→ Records for the task
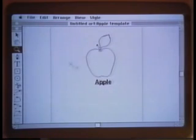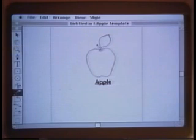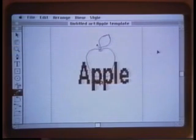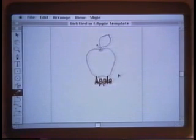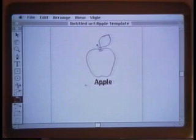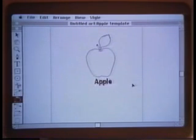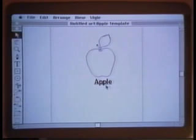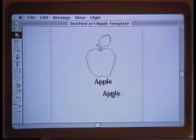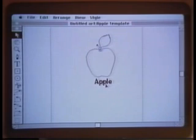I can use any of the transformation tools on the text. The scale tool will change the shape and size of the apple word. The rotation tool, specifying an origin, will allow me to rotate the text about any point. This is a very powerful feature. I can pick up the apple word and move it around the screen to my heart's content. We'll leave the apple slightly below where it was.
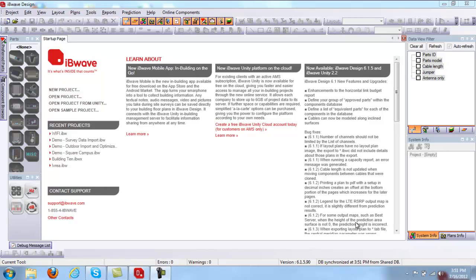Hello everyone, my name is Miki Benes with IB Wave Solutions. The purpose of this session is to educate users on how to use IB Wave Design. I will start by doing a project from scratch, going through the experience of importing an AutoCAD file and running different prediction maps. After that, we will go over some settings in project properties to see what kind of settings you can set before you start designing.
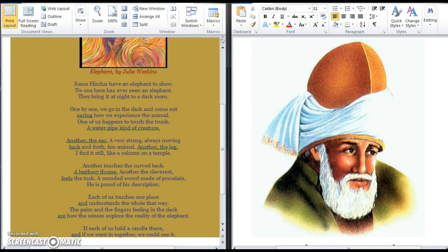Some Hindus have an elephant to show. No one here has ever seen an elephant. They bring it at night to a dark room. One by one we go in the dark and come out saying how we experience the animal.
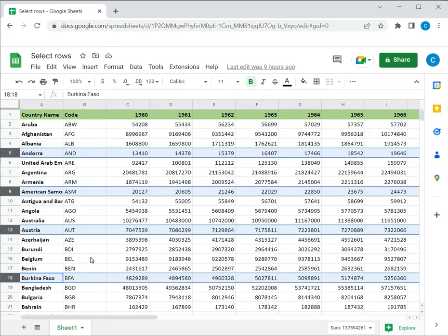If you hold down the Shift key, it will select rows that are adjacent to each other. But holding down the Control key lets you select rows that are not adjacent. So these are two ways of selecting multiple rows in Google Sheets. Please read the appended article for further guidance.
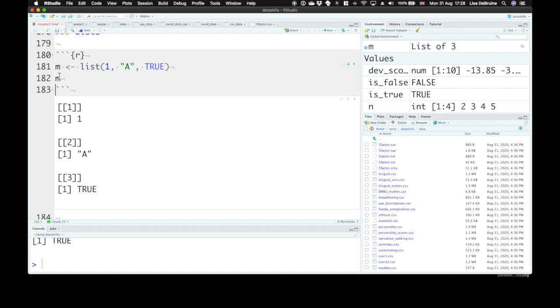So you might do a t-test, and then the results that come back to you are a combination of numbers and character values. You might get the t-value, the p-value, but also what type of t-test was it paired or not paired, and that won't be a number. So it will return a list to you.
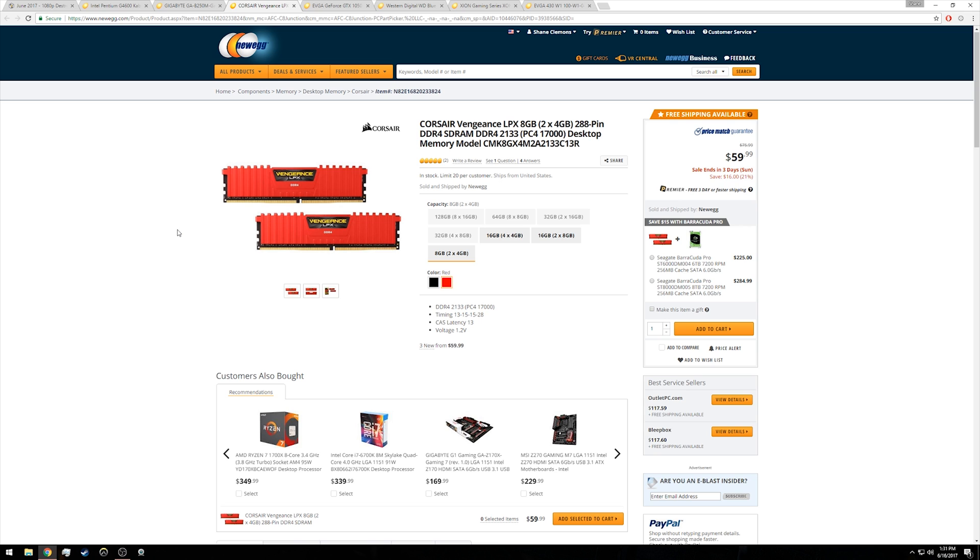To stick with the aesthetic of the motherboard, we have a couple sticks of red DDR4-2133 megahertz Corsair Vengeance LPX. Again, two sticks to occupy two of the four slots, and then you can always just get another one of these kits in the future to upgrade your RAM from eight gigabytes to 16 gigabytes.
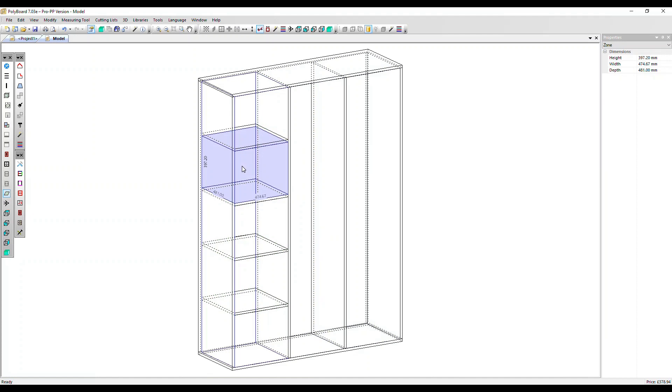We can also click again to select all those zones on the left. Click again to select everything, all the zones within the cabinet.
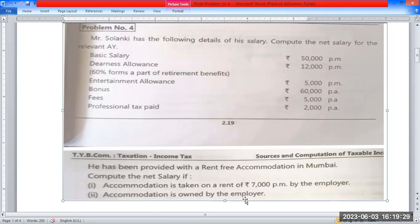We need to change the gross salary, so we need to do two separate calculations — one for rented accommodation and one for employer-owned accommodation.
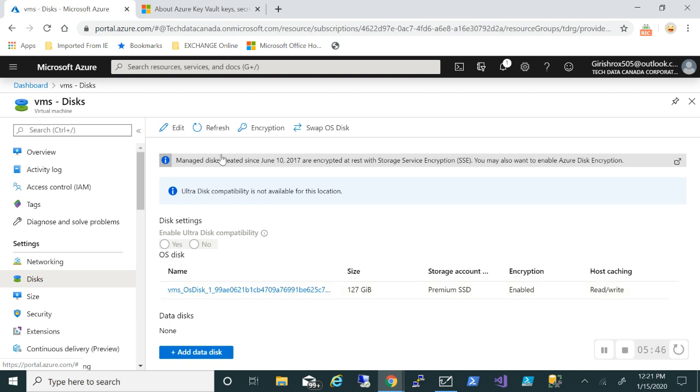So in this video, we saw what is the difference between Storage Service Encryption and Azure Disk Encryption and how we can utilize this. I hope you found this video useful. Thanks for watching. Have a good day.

→ Directions for this task
From the first line to the last, repeat the listing exactly and skip its images.

→ Response area
I can use any of the transformation tools on the text. The scale tool will change the shape and size of the apple word. The rotation tool, specifying an origin, will allow me to rotate the text about any point. This is a very powerful feature. I can pick up the apple word and move it around the screen to my heart's content. We'll leave the apple slightly below where it was.
Hello everyone, my name is Miki Benes with IB Wave Solutions. The purpose of this session is to educate users on how to use IB Wave Design. I will start by doing a project from scratch, going through the experience of importing an AutoCAD file and running different prediction maps. After that, we will go over some settings in project properties to see what kind of settings you can set before you start designing.
Some Hindus have an elephant to show. No one here has ever seen an elephant. They bring it at night to a dark room. One by one we go in the dark and come out saying how we experience the animal.
If you hold down the Shift key, it will select rows that are adjacent to each other. But holding down the Control key lets you select rows that are not adjacent. So these are two ways of selecting multiple rows in Google Sheets. Please read the appended article for further guidance.
So you might do a t-test, and then the results that come back to you are a combination of numbers and character values. You might get the t-value, the p-value, but also what type of t-test was it paired or not paired, and that won't be a number. So it will return a list to you.
To stick with the aesthetic of the motherboard, we have a couple sticks of red DDR4-2133 megahertz Corsair Vengeance LPX. Again, two sticks to occupy two of the four slots, and then you can always just get another one of these kits in the future to upgrade your RAM from eight gigabytes to 16 gigabytes.
We can also click again to select all those zones on the left. Click again to select everything, all the zones within the cabinet.
We need to change the gross salary, so we need to do two separate calculations — one for rented accommodation and one for employer-owned accommodation.
So in this video, we saw what is the difference between Storage Service Encryption and Azure Disk Encryption and how we can utilize this. I hope you found this video useful. Thanks for watching. Have a good day.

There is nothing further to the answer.